15. Todas elas juntas (2)

Em busca da musa perdida




Este ano, de 2007, teve início com duas grandes exposições das obras de Leonardo da Vinci: uma em São Paulo e outra em Campinas. Curiosamente, essas exposições tem um mesmo aspecto em comum: a reconstituição de seus projetos inventivos.

Leonardo da Vinci, como se sabe, foi, dentre outras coisas, pintor, inventor, cientista, arquiteto, engenheiro, filósofo e anatomista. Por isso tudo ele é o símbolo de uma época, o renascimento, caracterizada pela valorização da razão e do homem.

No entanto, embora sejamos herdeiros dessa época, hoje dificilmente seria possível surgiu um outro da Vinci. Não porque "não se fazem mais gênios como antigamente", mas pelo fato de que as ciências se especializaram tanto que, nos dias atuais, temos que decidir se queremos ser ou arquiteto ou filósofo ou qualquer outra coisas. E, mesmo para aquele que já se decidiu pela filosofia, por exemplo, haverá de posteriormente ter que decidir entre a filosofia moderna, medieval, clássica, etc.

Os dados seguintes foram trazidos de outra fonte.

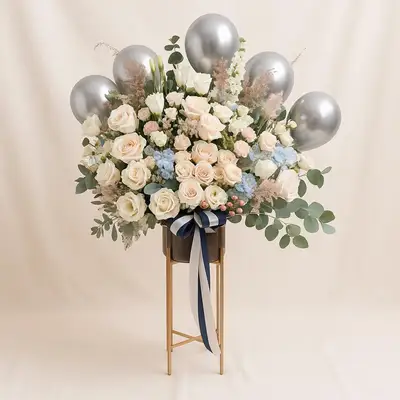 Silver Balloons n Roses Stand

Claro, todos podem filosofar, utilizar a matemática e ainda ter como hobby pintar quadros. No entanto, para fazer algo novo, isto é, deixar sua contribuição para alguma das áreas do conhecimento humano, exige uma especialização.

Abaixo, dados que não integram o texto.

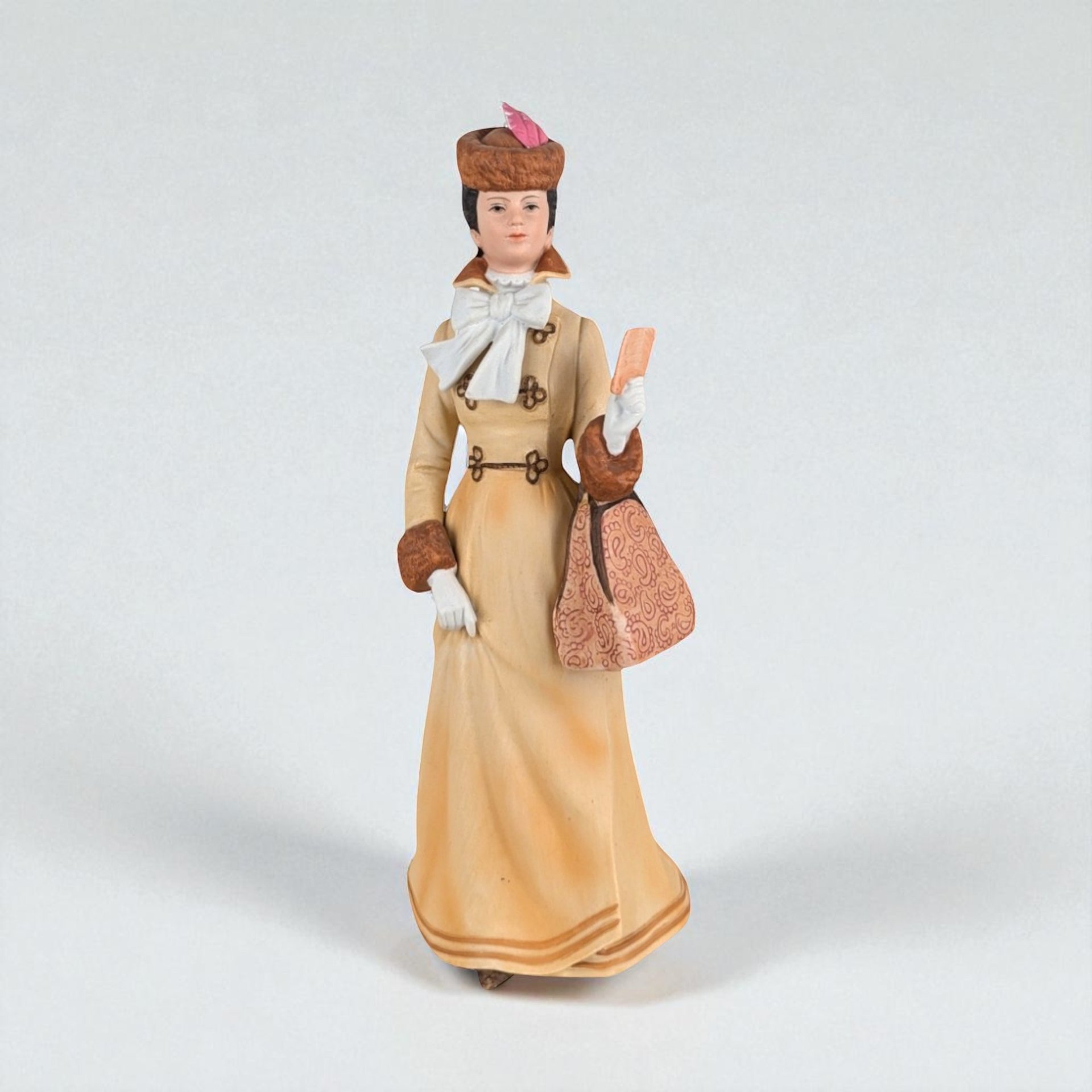 1981 Avon Mrs. Albee Award Figurine, Vintage Avon Collectible, Woman in Orange Dress, Sales Achievement Award, Ceramic Figurine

Assim, embora existe beleza na proposta renascentista do homem integral cujo desenvolvimento estaria ancorado no equilíbrio entre mente, corpo e espeírito, o fato é que as escolhas profissiionais que temos que fazer hoje em dia frequentemente implia na exclusão de outra área do conhecimento.

Sim, há exceções e eu conheço, inclusive, alguns casos interessantes de pssoas que procuram conciliar duas diferentes áreas do conhecimento. Mas, embora esse seja frequentemtente o caminho para as inovações, esses casos que conheço normalmente estão mais ligados à uma busca romântica por um ideal cuja busca implica em grandes sacrifícios pessoais.

E por falar em romantismo, deixe-me entrar logo no tema que proponho discutir aqui: a música "Todas elas juntas num só ser", de Lenine. Conforme já havia dito anteriormente, ela é uma genial enciclopéida cantada das musas da MPB: de A a Z, como diz um trecho dela.

Escolher é uma qualidade e uma necessidade humana. Pasamos o dia todo tendo que fazê-las, e mesmo quando nos recusamos a fazê-las já estamos, assim, fazendo a escolha de nos adeqüarmos ao que foi estabelecido. Escolher, não raro, implica num sofrimento porque uma escolha imlica em abrir mão de todas as outras possibilidades.

Mas nem toda escolha é uma dor, ao menos em determinado momento do processo. Uma velha canção chamada "As Três Cuiabanas" narra a história de certo homem que, numa viagem a trabalho, viu-se enamorado de três lingas irmãs. Quem dera se todas nossas escolhas fossem assim, não?

Contudo, chega um momento em que temos que decidir: se vamos ficar com todas as musas ou se vamos, enfim, começar a nos relacionar e a conhecer uma delas abrindo, assim, mão de fazer isso com as outras.

E se digo "todas" é porque a música de Lenine fala de musas e não do seu equivalente masculino. Assim, a julgar pela MPB, as musas e a difícil decisão de escolher uma dentre várias beldades parece ser um dilema propriamente masculino. Ou não?...

Não posso, obviamente, falar pelas mulheres. Mas, as vezes tenho a impressão que o sofrimento que elas tem, no seu processo de escolha de alguém parece-me ser mais be fundamentado que os homens que sempre são levados pela ilusão daquilo que vêem. Um texto do livro bíblico que tenho me lembrando sempre que medito nas canções de Lenine, diz algo nesse sentido:

"(...)
Os olhos nunca se saciam de ver,
nem os ouvidor de ouvir".
[Eclesiastes 1:8]

Assim, sob essa premissa, que também faz eco com outro provérbio que diz que "enganosa é a graça e vã a formosura" (Provérbios 31:30), parece-me que aquilo que vemos numa mulher ou ouvimos dela não devem ser os únicos critérios para nossas escolhas amorosas. Claro, servirá muito bem enquanto quisermos tê-las como musas inspiradoras, e aí poderemos "amar" a todas com a mesma intensidade. Mas, se quisermos ir além e escolher uma que seja "todas elas juntas num só ser", então o trabalho será maior.